A state house tenants' group has accused the Salvation Army of betrayal because of its support for transferring some state houses to charities.
Sue Henry of the Housing Lobby, representing tenants mainly in the Mt Wellington/Glen Innes area of Auckland, attacked Salvation Army social services director Major Campbell Roberts for agreeing to serve on the advisory group that has recommended the change.
"The Salvation Army has become quislings for bad Government policy," she said.
"Why would Campbell Roberts go to bed with the Government with a policy that is promoting transience and a temporary lifestyle of insecurity, because that's exactly what this is doing?"
The Housing Shareholders' Advisory Group, chaired by Fletcher Building director Alan Jackson, also included Auckland City Missioner Diane Robertson and former Ngai Tahu Development Corporation head Paul White as well as an investment banker, a former property company manager and the director of the NZ Housing Foundation.

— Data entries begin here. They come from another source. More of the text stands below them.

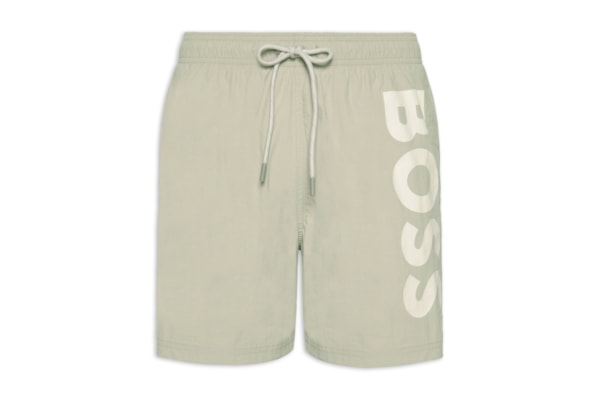 Short Beachwear Masculino Octopus - Bege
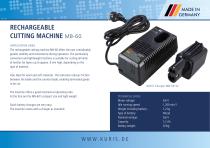 rechargeable machine MB-60 - 2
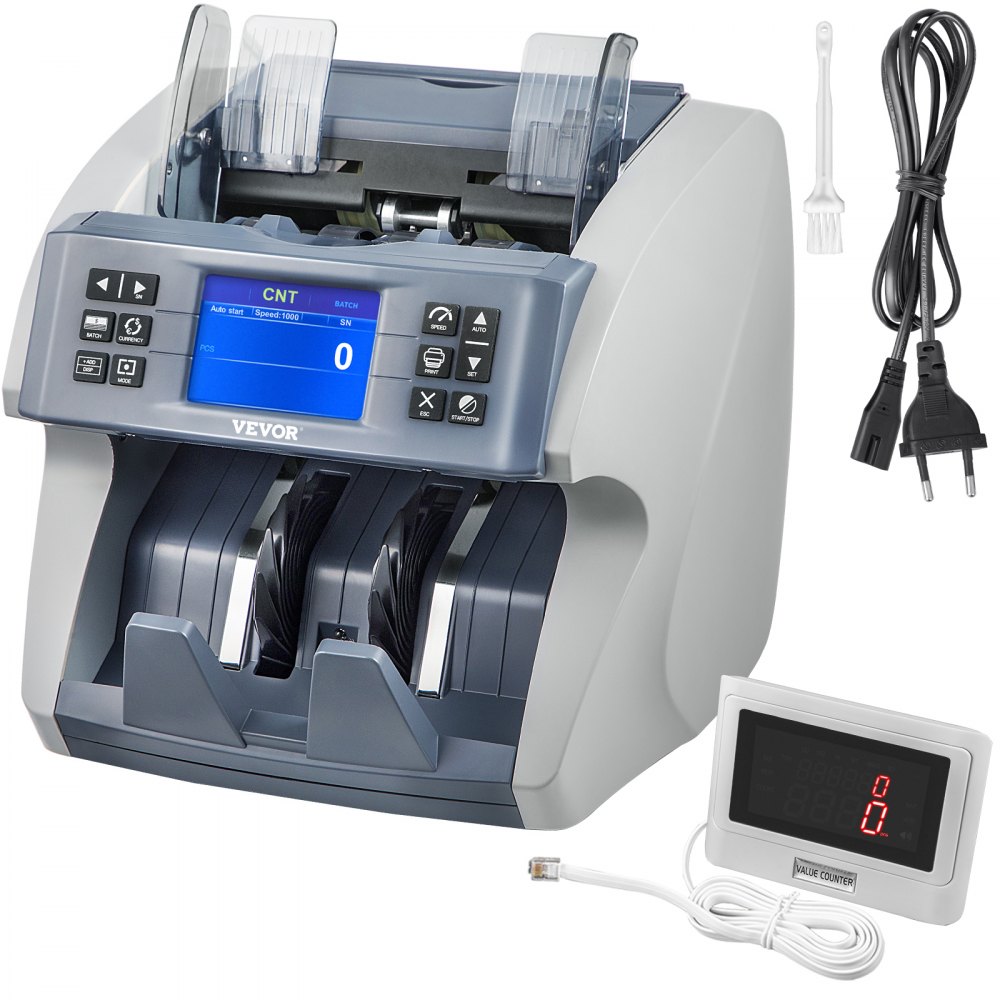  Máquina de conteo de billetes de mano con pantalla de 3  dígitos, velocidad de conteo rápida para contar dinero rápido y conveniente  : Productos de Oficina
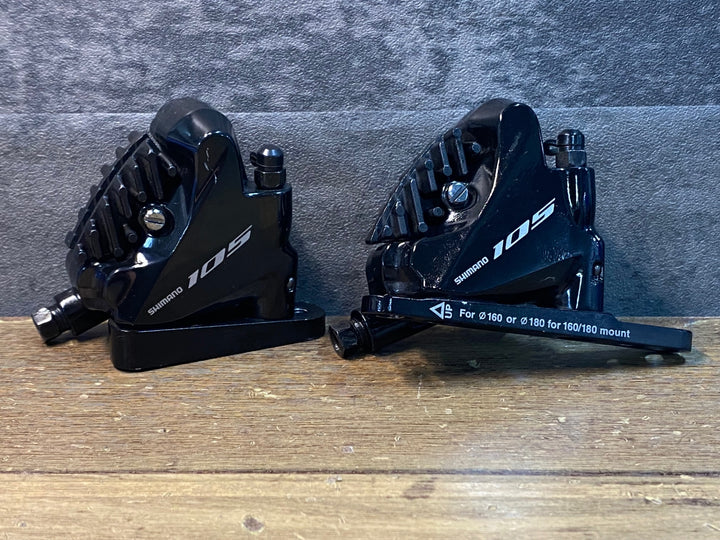 JK393 シマノ SHIMANO 105 BR-R7070 ディスクブレーキ キャリパー 油圧 セット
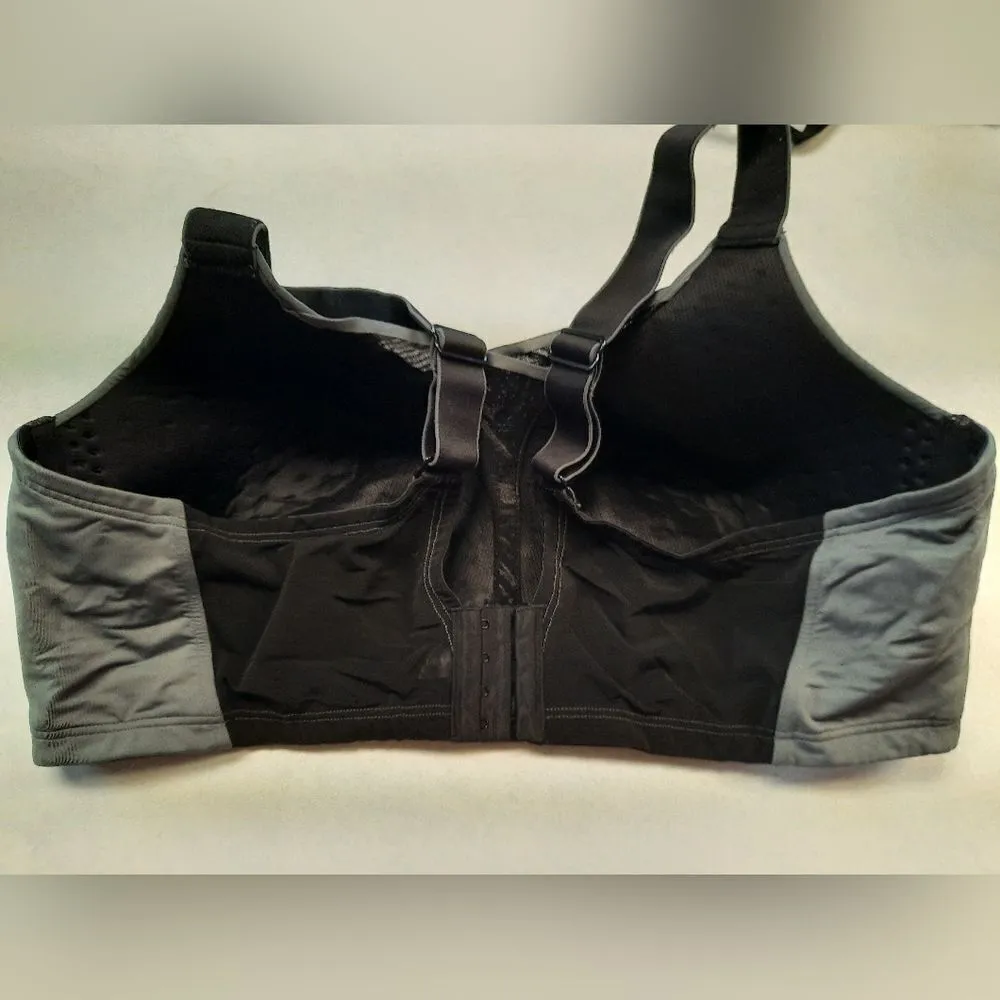 LIVI Active High Impact Sport Bra Wicking Max Support No Wire Molded Gray 46DD Gray Size undefined - Image 4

It has recommended transferring "either capital or dwellings to selected non-government organisations", extending income-related rental subsidies to those groups, and creating new tenancy agreements for state house tenants that are limited to "the duration of the need".
Salvation Army spokesman Captain Gerry Walker hailed the report as "a good first step" towards solving a shortage of affordable housing.
But Ms Henry said the proposals would amount to bringing back the last National Government's 1990s policy of market rents, because tenants in non-government houses would have to apply for subsidies through Work and Income just as state tenants did in the 1990s.
Tenants Protection Association co-ordinator Angela Maynard said the report represented a philosophical shift away from state responsibility for housing people in need.
She warned that restricting state houses to "the duration of need" would force families to leave friends and force children to change schools, disrupting their education.
However, Major Roberts and Mr Jackson said last night that their proposals would increase the total pool of social housing by giving community groups an asset they could use to borrow private funds to build more houses.
"The Government is saying they can't put any more money in. Well how do you expand that housing?" Major Roberts asked.
"If you were to transfer to a community organisation 100 houses and then require through a covenant that they can only be used for social housing, and say out of that 100 houses you might borrow 50 per cent of their worth and provide extra new housing with that, so you would grow the pool."
He said community agencies had been held back by lack of capital and inability to access the income-related rental subsidy.
Mr Jackson said 30,000 to 40,000 more social housing units would be required to meet the need.
He said extending the income-related rental subsidy to, for example, 20,000 more houses over the next five years would cost $60 million to $70 million a year.